Task brief
Each line of the data must reappear exactly in your answer, with no images included.

Given information
_____

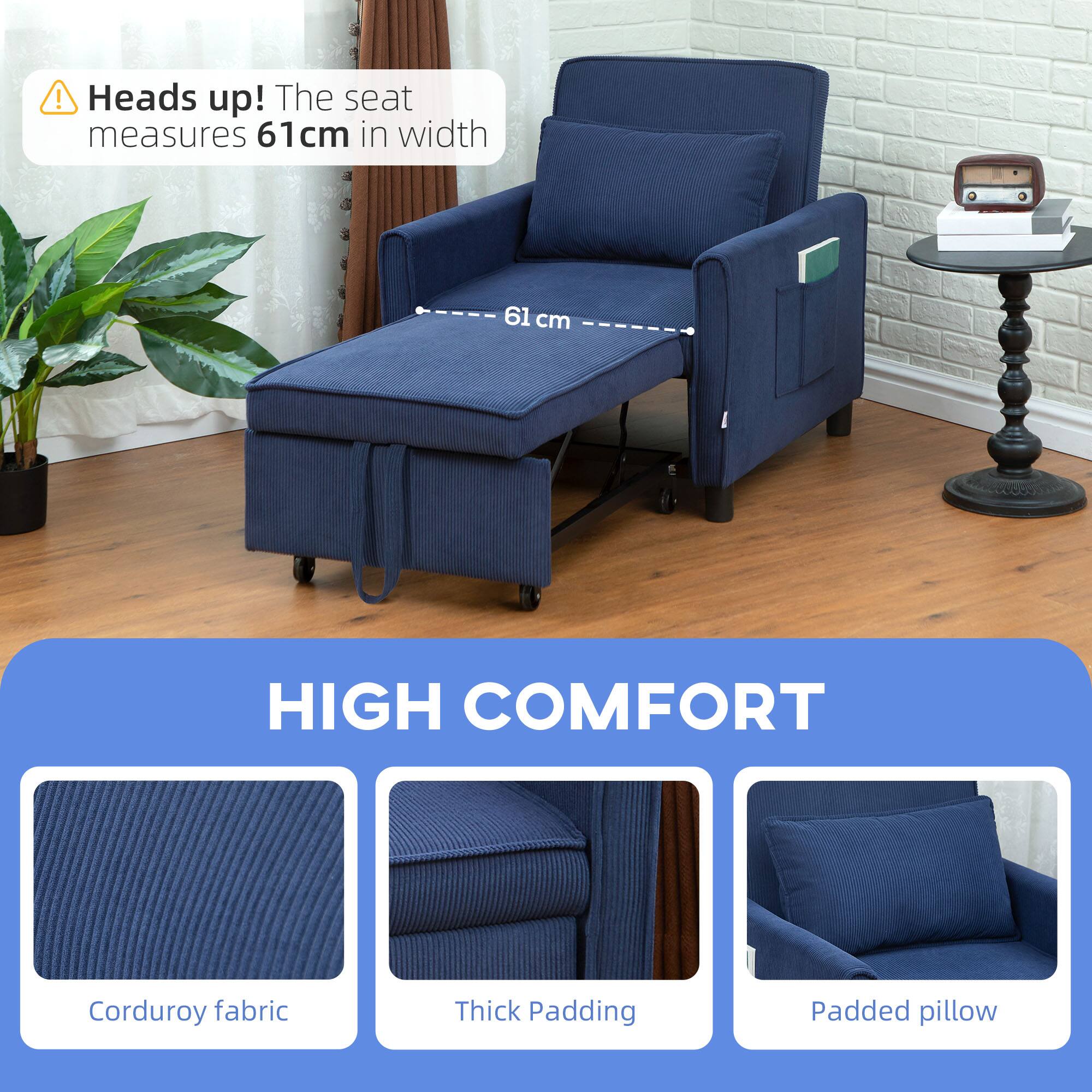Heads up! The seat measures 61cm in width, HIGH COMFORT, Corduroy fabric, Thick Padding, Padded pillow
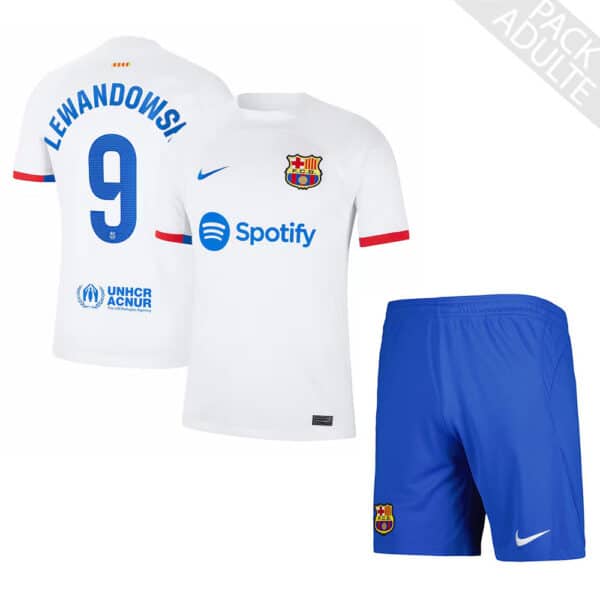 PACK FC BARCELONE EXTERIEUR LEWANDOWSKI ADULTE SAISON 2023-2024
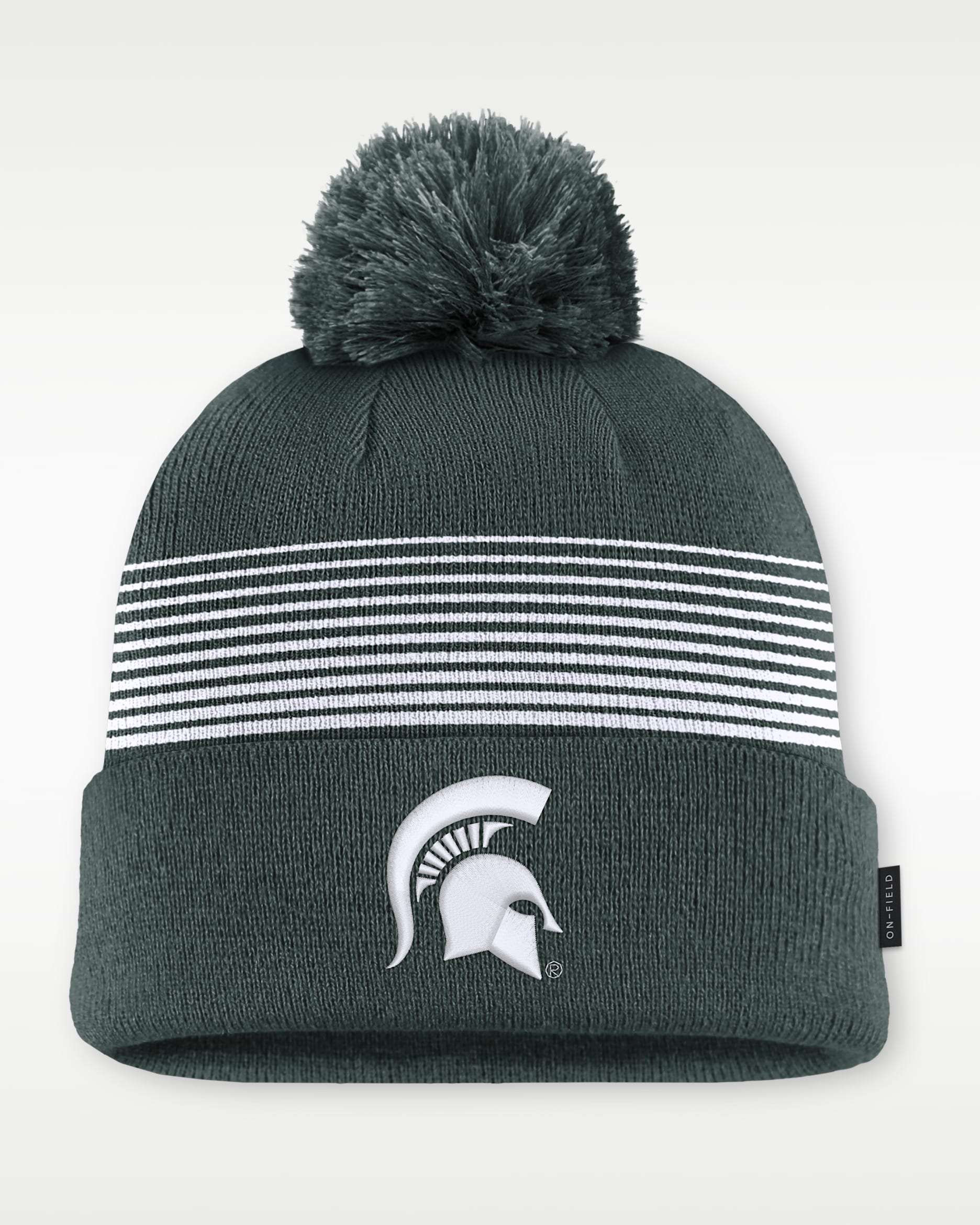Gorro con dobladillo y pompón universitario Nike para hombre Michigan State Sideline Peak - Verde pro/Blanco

_____

Reply
Heads up! The seat measures 61cm in width, HIGH COMFORT, Corduroy fabric, Thick Padding, Padded pillow
 PACK FC BARCELONE EXTERIEUR LEWANDOWSKI ADULTE SAISON 2023-2024
Gorro con dobladillo y pompón universitario Nike para hombre Michigan State Sideline Peak - Verde pro/Blanco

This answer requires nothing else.